For those of you who have never heard of it, Louise Hay believes that we can heal our bodies and when our bodies are manifesting dis-ease, then we need to look at what is happening in our lives and our thinking. As she (and I) believe, this is what is creating the suffering. This book is like my go-to, I always reference it when something is going on. In the book (and app) she lists numerous ailments alphabetically, everything from abdominal cramps to yeast infections and, under each problem, she lists the probable cause of the ailment and then a new thought pattern to adopt to help fix the problem.

I consulted my app and looked up earache and the probable cause was “Anger. Not wanting to hear. Too much turmoil. Parents arguing.” I thought about it and that didn’t really fit for me, so I continued searching.

I looked up jaw problems and again it said “Anger. Resentment. Desire for revenge.” Again, I reflected on this and checked in with myself, no this didn’t fit either. I continued to look. I next looked up Teeth and it said, “Represent decisions”, I thought ‘ok this could be’, but still didn’t totally feel quite right. I looked deeper into teeth I started scrolling and root canal popped into my head. To be honest, at this point I was not even sure what a root canal was but it was in the list, so I looked at it. I read “Probable cause – Can’t bite into anything anymore. Root beliefs being destroyed.” YUP! I thought “This could be it!” I have spent the last year or so working on some pretty core beliefs and I was feeling like I had gotten a handle on them. I was practicing awareness and was counteracting these limiting negative beliefs when they would arise. It felt like these beliefs were finally letting go. They were still showing up occasionally, but not nearly as often, and very rarely were they slipping under the radar causing an onslaught of negative self-talk. When I read “root beliefs being destroyed”, I thought this is exactly what I have been working towards. I eagerly awaited my dentist appointment, feeling sure that she was going to say I needed a root canal.

As I sat in the dentist chair they did x-rays and the dentist walked in and said, “You clearly have an abscess, I could tell from across the room.” Ok, one mystery solved, that’s why the pain. She looked in my mouth and at the x-ray and quickly determined I needed…wait for it… a root canal! I couldn’t help but chuckle. YUP! I needed these root beliefs to be removed completely once and for all! The prospect of physically getting these infected dead “roots” removed was exciting. I felt like I had done the work of removing them from influencing my life and this was the last step to actually physically remove them. To me that was great news, not to mention an end to the pain, both literally and physically that these “roots” were causing!

When I left the dentist, I re-read the “new thought pattern”. What I realized is that I had worked so hard at eliminating the old sabotaging beliefs, but I had not spent the time replacing them with new self-serving beliefs.
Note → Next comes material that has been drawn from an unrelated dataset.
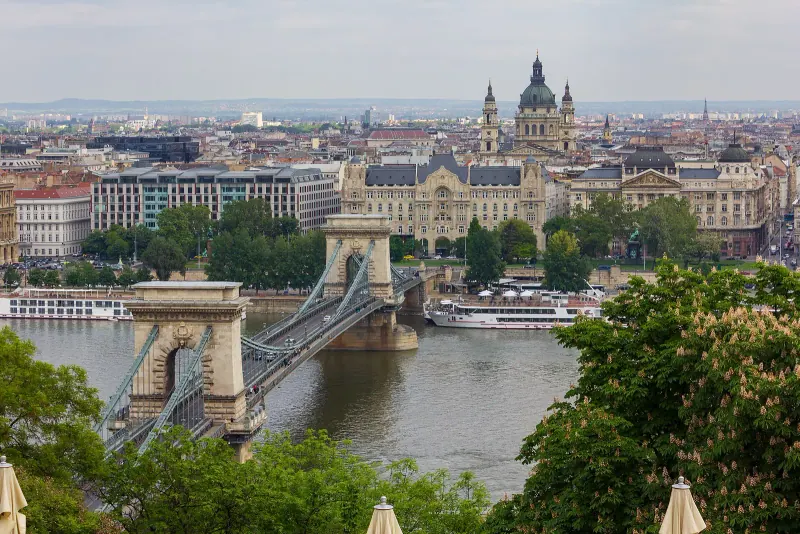 The Chain Bridge with Parliament behind it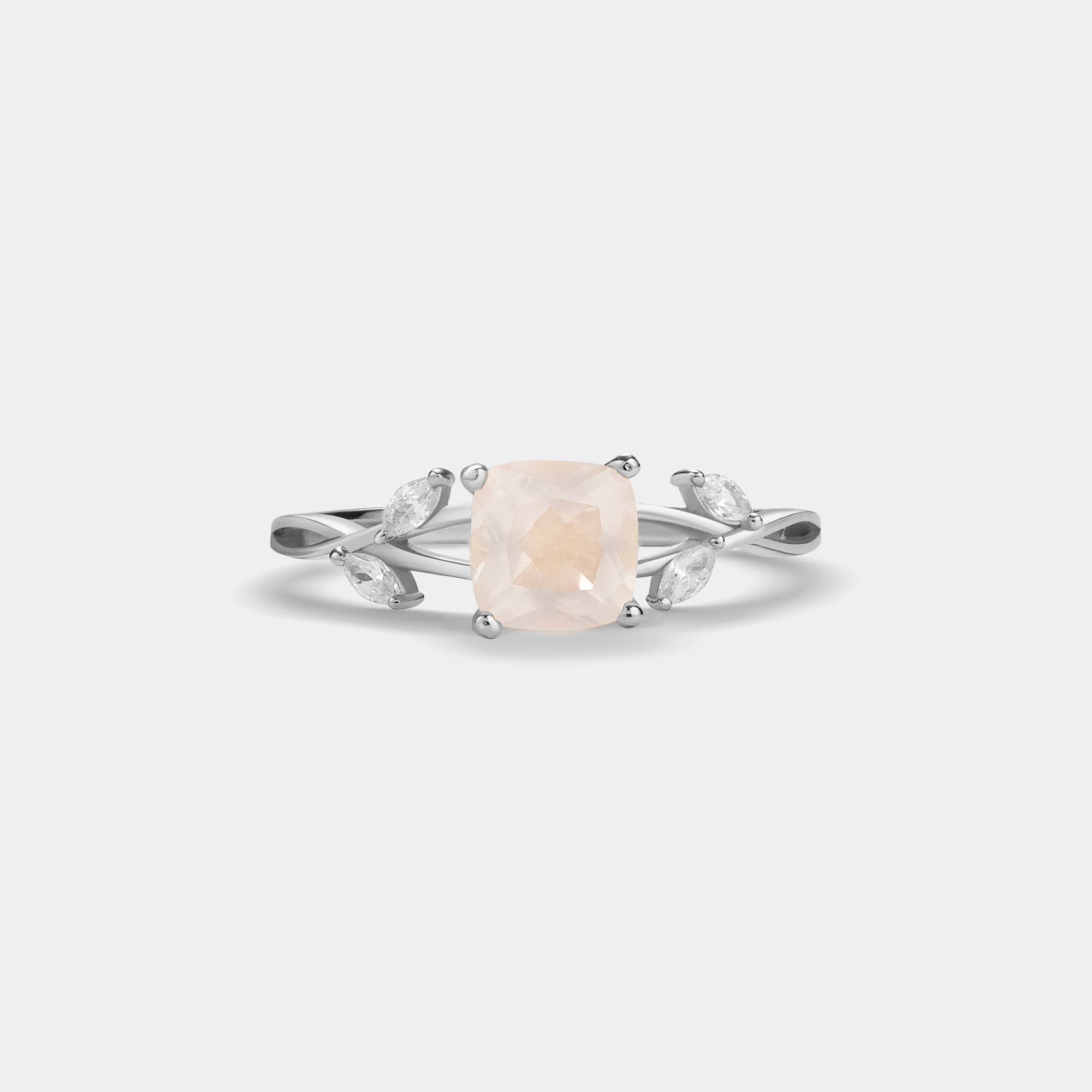 Pink Rose Quartz Leaf Stacking Ring in 925 Sterling Silver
I was ready for the new, I just needed to set what these new beliefs were. Over the next couple of weeks while waiting for my dentist appointment, I took time to really contemplate what beliefs I wanted to create my strong foundation with. I determined that I wanted trust, surrender and self-love.

 

Excited About a Root Canal...WHAT?!?

 

When I returned to the dentist a couple of weeks later to have the root canal, I went in with a feeling of gratitude for all that I had learned from these beliefs and a willingness to finally let them go. My self-talk was “I release these old beliefs and I create a new strong foundation on the beliefs of trust, surrender and self-love.” I was ready!  The root canal went well and within a couple of days the pain had mainly subsided, and the tooth was healing.
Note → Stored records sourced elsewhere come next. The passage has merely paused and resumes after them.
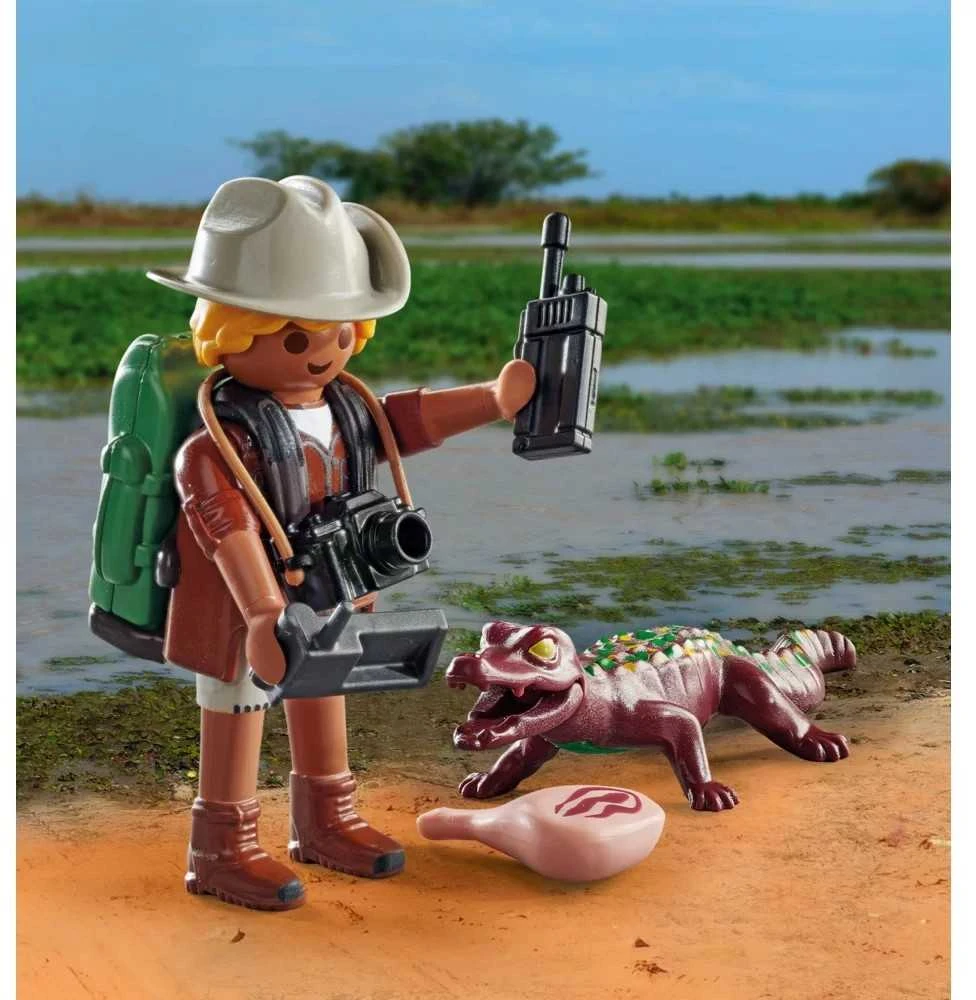 PLAYMOBIL SPECIAL PLUS Tyrinėtojas su kaimanų jaunikliu 71168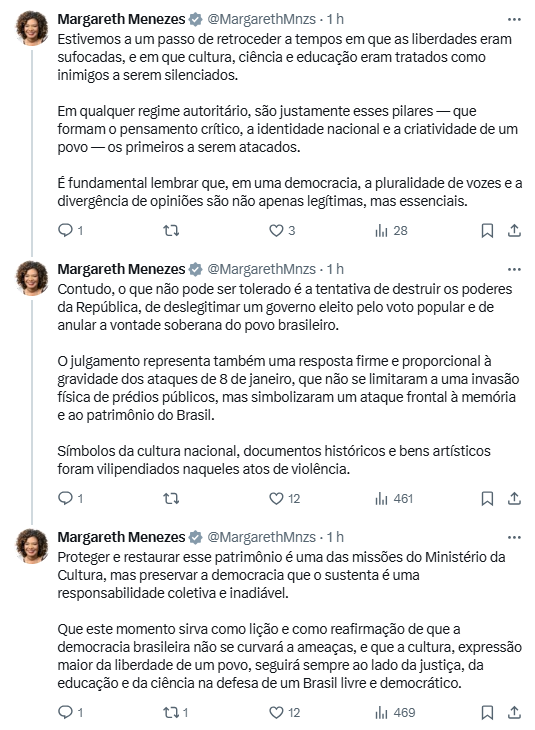 Menezes chamou atenção às obras depredadas em 8 de janeiro.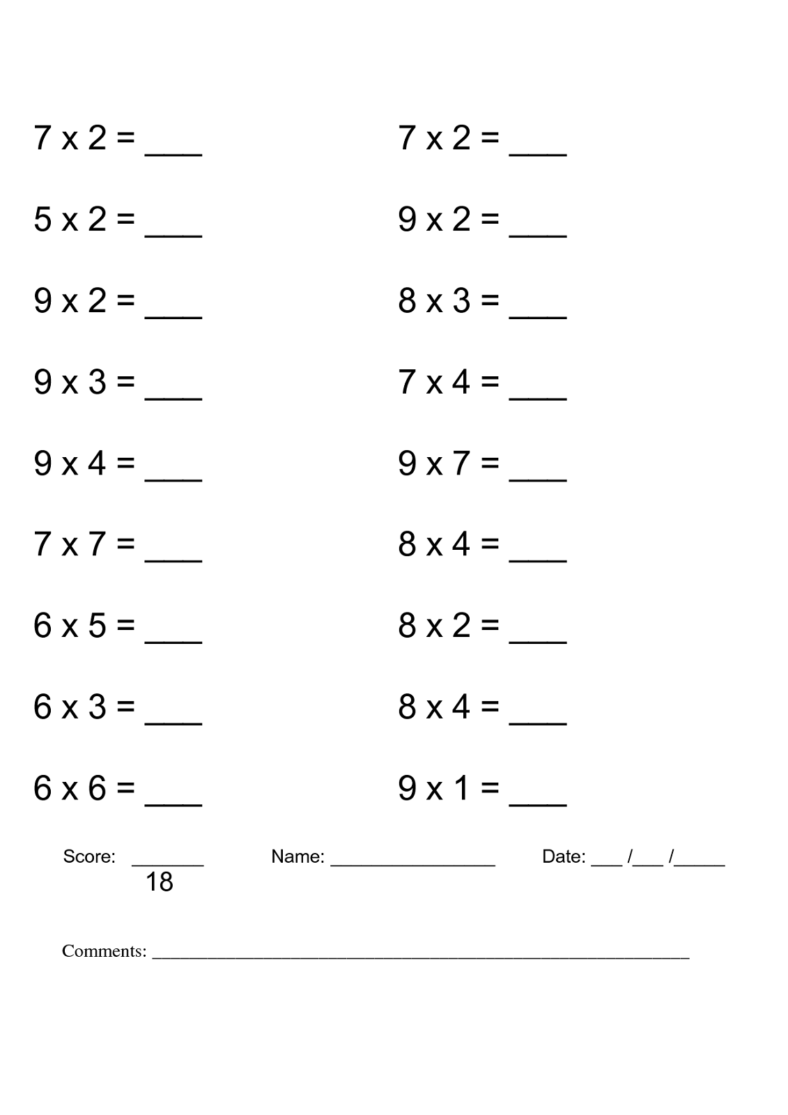 Free Times Table Worksheets Activity Shelter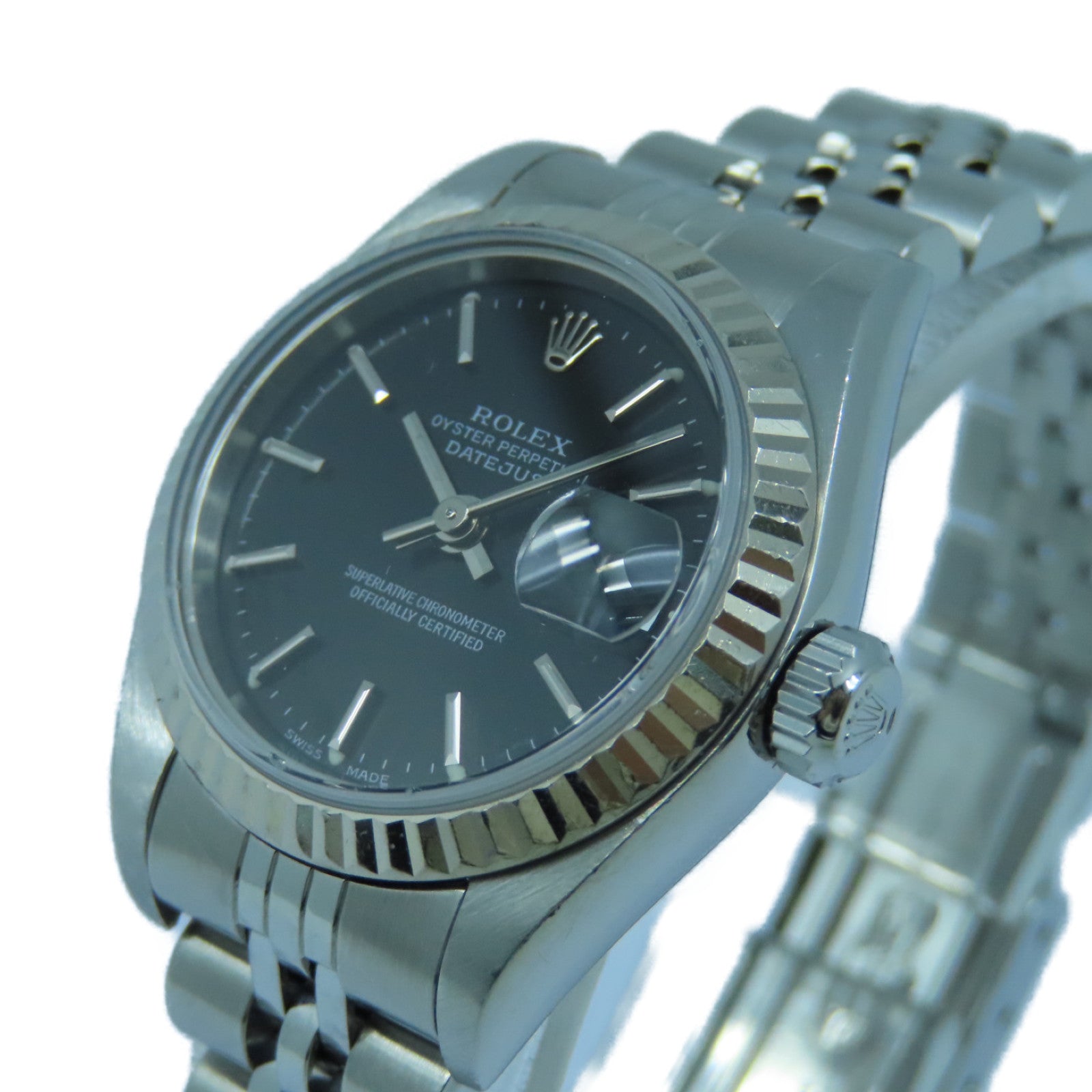 ROLEX Datejust 18K白金/不鏽鋼手錶自動機芯黑色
I have embraced my new beliefs and feel that the old self-sabotaging beliefs have been finally been removed completely from me. It is such a rewarding feeling to know that I have worked through some pretty core beliefs that were holding me back in many areas of my life.
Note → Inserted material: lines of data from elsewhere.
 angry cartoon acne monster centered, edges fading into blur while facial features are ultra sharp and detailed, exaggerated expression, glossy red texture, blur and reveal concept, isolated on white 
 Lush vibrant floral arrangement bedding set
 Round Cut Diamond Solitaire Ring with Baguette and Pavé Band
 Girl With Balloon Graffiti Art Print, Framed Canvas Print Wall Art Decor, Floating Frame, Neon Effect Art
I practice in my life looking at things holistically and this is just one example of how we can really get answers to what is going on with us, when we are open to looking at the whole picture from an aware space. Once we understand, we have a choice. It’s only when things are in the dark that they have control over us.

 

Excited About a Root Canal...WHAT?!?

 

For some of you, this may seem a little bizarre, but I challenge you to get the “Heal your Body” book (I can’t find the app anymore). Look up any ailments you are experiencing in your body and be open to the wisdom.  I do it whenever something arises, and it is always (whether I am ready to admit it or not) a good perspective on what is going on!

5 Life Changing (Yet Simple) Resolutions!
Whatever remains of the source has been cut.